Hizo una pausa, inclinándose hacia adelante, su rostro más cerca de la cámara.
“Pero,” dijo, articulando cada palabra con claridad, “Lu Chenzhou, esto aún no es ‘irrefutable’.”
“El equipo legal de Shen Yanqing cuestionará los métodos para obtener la confesión del prisionero: tortura, inducción de culpa, incluso tu venganza personal. Dirán que los registros de comunicación pueden falsificarse, que los códigos de relevo no apuntan directamente al propio Shen Yanqing. La empresa ‘Escudo Negro’ puede sacrificar a algunos gerentes intermedios como chivos expiatorios, Gu Zhixing puede alegar que solo ejecutaba órdenes de la empresa, sin conocimiento.” La voz de Qin Wangshu transmitía una ansiedad reprimida. “Necesitamos pruebas físicas más directas. O…”
“¿O qué?” Lu Chenzhou finalmente habló, su voz ronca como papel de lija.
“O una escena que él no pueda negar.” Qin Wangshu dijo, mirando fijamente la pantalla. “Una transacción en la que él deba estar presente personalmente. Una grabación de él mismo dando la orden. Una cadena que lo vincule directamente con la operación ‘Limpieza’, irrefutable.”
La luz de emergencia del garaje parpadeó de nuevo. Una luz blanca y fantasmal pasó sobre el pálido rostro del prisionero, sobre las manchas de sangre seca en el suelo de cemento, sobre las propias manos de Lu Chenzhou cubiertas de polvo y humo de pólvora.
“¿Cuánto tiempo puedes mantener tu posición actual?” Preguntó Qin Wangshu.

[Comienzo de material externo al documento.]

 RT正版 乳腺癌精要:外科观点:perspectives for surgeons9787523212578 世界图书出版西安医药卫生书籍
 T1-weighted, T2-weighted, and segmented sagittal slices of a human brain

“Incierto. Los drones pueden seguir buscando cerca, este garaje tampoco es completamente seguro.” Lu Chenzhou echó un vistazo al prisionero. “Él necesita atención médica, yo también. Las heridas podrían infectarse.”
“Aguanta. El equipo que viene por ti también está en camino, pero para evitar posibles vigilancia darán un rodeo, pueden necesitar veinte minutos.” Qin Wangshu miró a un lado. “Debo colgar, hay una situación aquí. Mantén la comunicación abierta.”

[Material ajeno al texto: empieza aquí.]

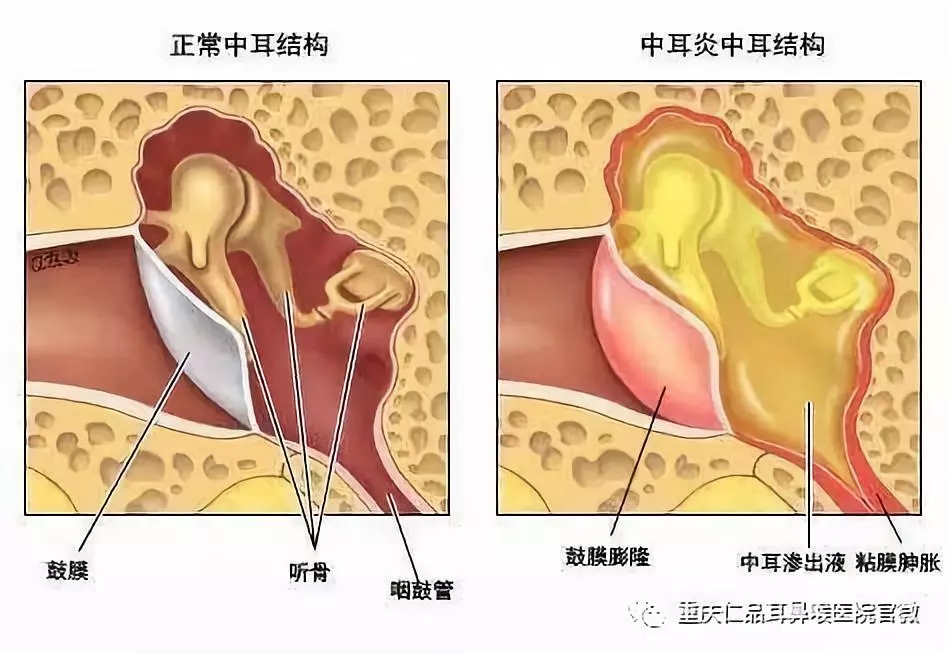 胆脂瘤型中耳炎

La pantalla se oscureció, reflejando el propio rostro de Lu Chenzhou: pálido, exhausto, con el rabillo del ojo izquierdo temblando levemente. Miró ese rostro durante unos segundos, luego apagó la computadora.
El garaje volvió a sumirse en la penumbra, solo la tenaz luz de emergencia seguía parpadeando rítmicamente.
El prisionero gimió suavemente, quizás el dolor de la herida en la pierna era intenso. Lu Chenzhou no lo miró, sino que sacó de la mochila la última media botella de agua, la destapó y bebió un sorbo lentamente. El agua fría bajó por su garganta, trayendo una breve lucidez.
La carcasa de plástico estaba tibia por su calor corporal. El indicador rojo ya se había apagado, pero dentro había grabado todo lo ocurrido: el tembloroso testimonio del prisionero, el nombre de Shen Yanqing, la operación ‘Limpieza’, los códigos de los tres objetivos.